INFORMATION PROVIDED:
★ ★ ★ ★ ★

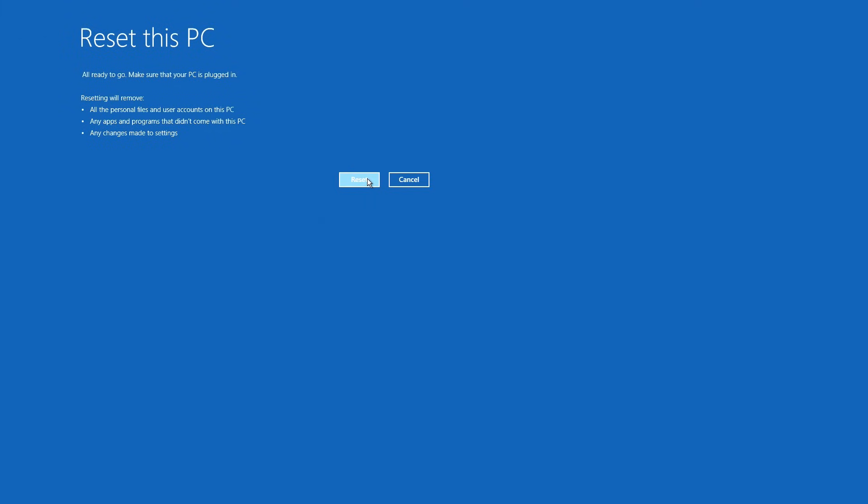You'll want to do this if you were actually getting rid of the computer. So once you select your option, click reset.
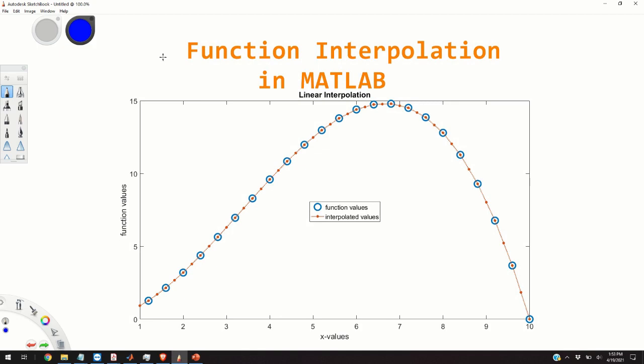Hello everyone, in this brief video I will teach you how to perform function interpolation in MATLAB. Here is the problem formulation.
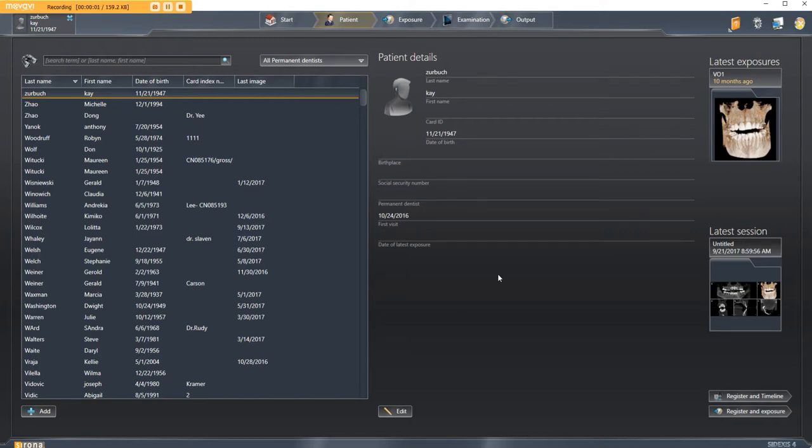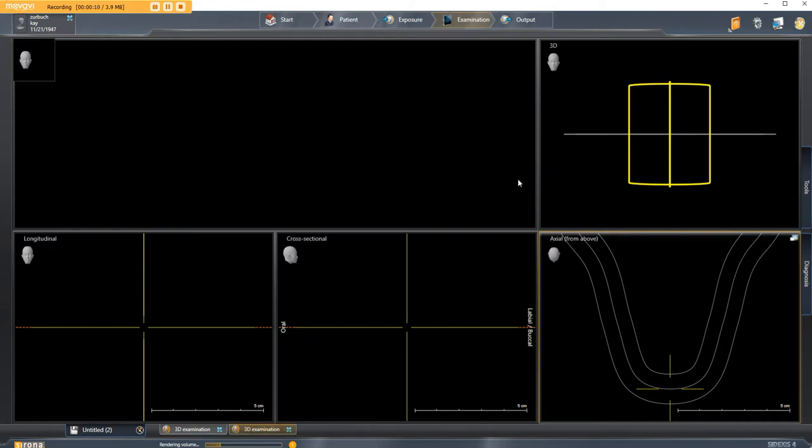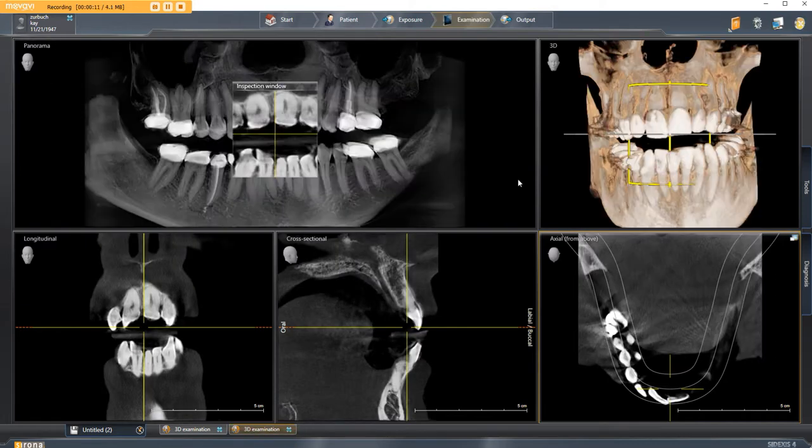This video will explain how to export DICOM from the Sodexas 4 software. The first thing to do is find your patient, double-click on the right corner to pull up the 3D view, and then you click Tools.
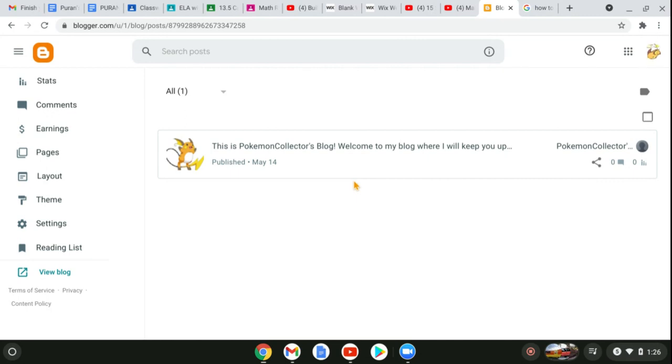Just a really short video about something where you can check without having to come to my YouTube channel about if I'm going to post videos or not today, or the week, or the month, or whatever.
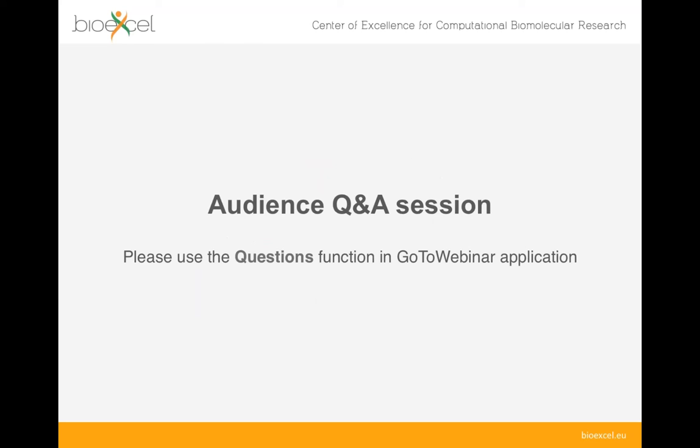That brings my presentation to a conclusion. I thank the audience for their attention and I'll be happy to answer questions. You can also write to the CPMD mailing list for CPMD questions, and for questions more oriented to QM/MM interfaces in CPMD, you can post at ask.bioexcel.eu, which you can find on the BioExcel website.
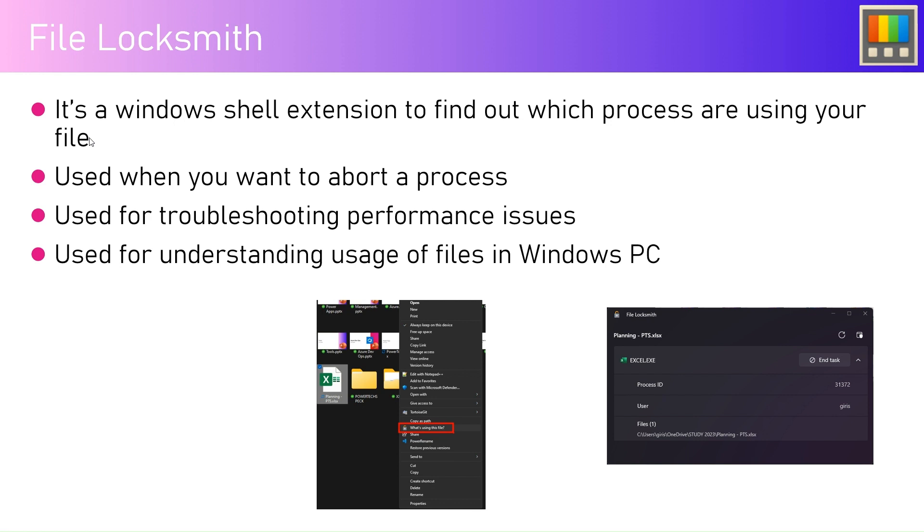The next step is you go into Task Manager and start finding those files, but you may not even find that file in the Task Manager. Then what do you do?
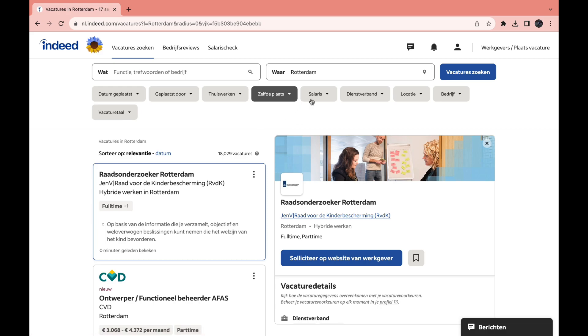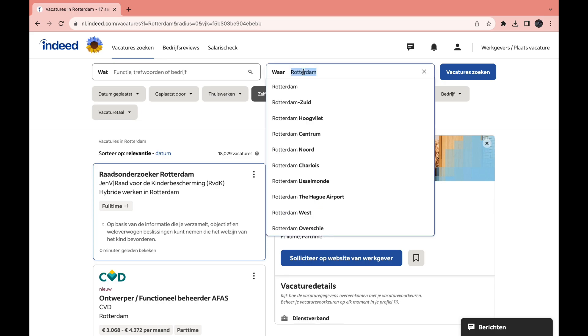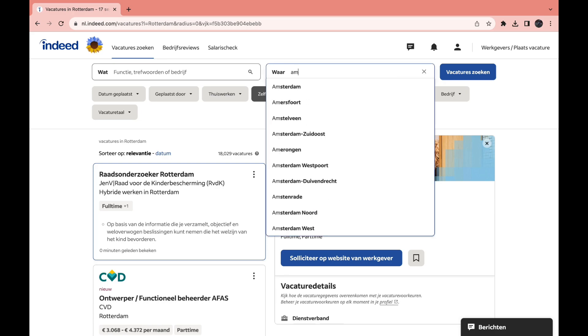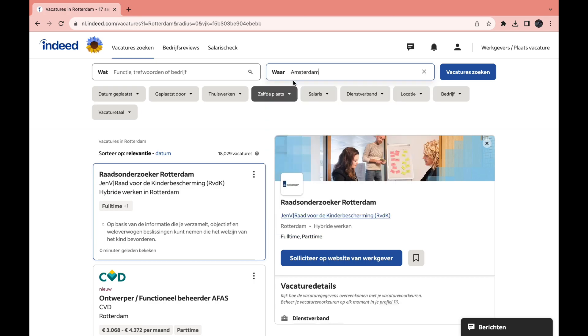So let's say I want to look for a job in Amsterdam. All you need to do is click right here and then remove what it says right now and then type in what you want. So I'll do Amsterdam.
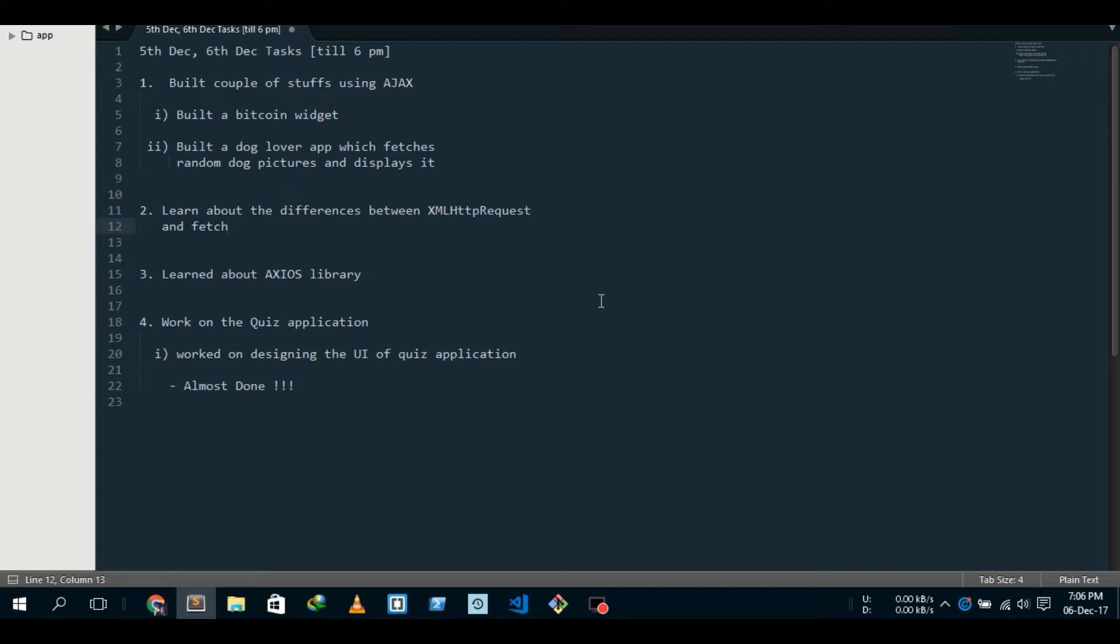But XML HTTP request - you have to do a lot of stuff. You know, open the XML HTTP request, then check it, then listen to it. If the status is 200, then do something, blah blah blah. And not to forget, the name itself is so long: XML HTTP request. Yes, I sort of hate it.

★ ★ ★ ★ ★

PROBLEM REQUIREMENTS: Could you print the whole listing again, exactly, leaving the pictures out?

WORKED SOLUTION:
You'll want to do this if you were actually getting rid of the computer. So once you select your option, click reset.
Hello everyone, in this brief video I will teach you how to perform function interpolation in MATLAB. Here is the problem formulation.
This video will explain how to export DICOM from the Sodexas 4 software. The first thing to do is find your patient, double-click on the right corner to pull up the 3D view, and then you click Tools.
Just a really short video about something where you can check without having to come to my YouTube channel about if I'm going to post videos or not today, or the week, or the month, or whatever.
That brings my presentation to a conclusion. I thank the audience for their attention and I'll be happy to answer questions. You can also write to the CPMD mailing list for CPMD questions, and for questions more oriented to QM/MM interfaces in CPMD, you can post at ask.bioexcel.eu, which you can find on the BioExcel website.
The next step is you go into Task Manager and start finding those files, but you may not even find that file in the Task Manager. Then what do you do?
So let's say I want to look for a job in Amsterdam. All you need to do is click right here and then remove what it says right now and then type in what you want. So I'll do Amsterdam.
But XML HTTP request - you have to do a lot of stuff. You know, open the XML HTTP request, then check it, then listen to it. If the status is 200, then do something, blah blah blah. And not to forget, the name itself is so long: XML HTTP request. Yes, I sort of hate it.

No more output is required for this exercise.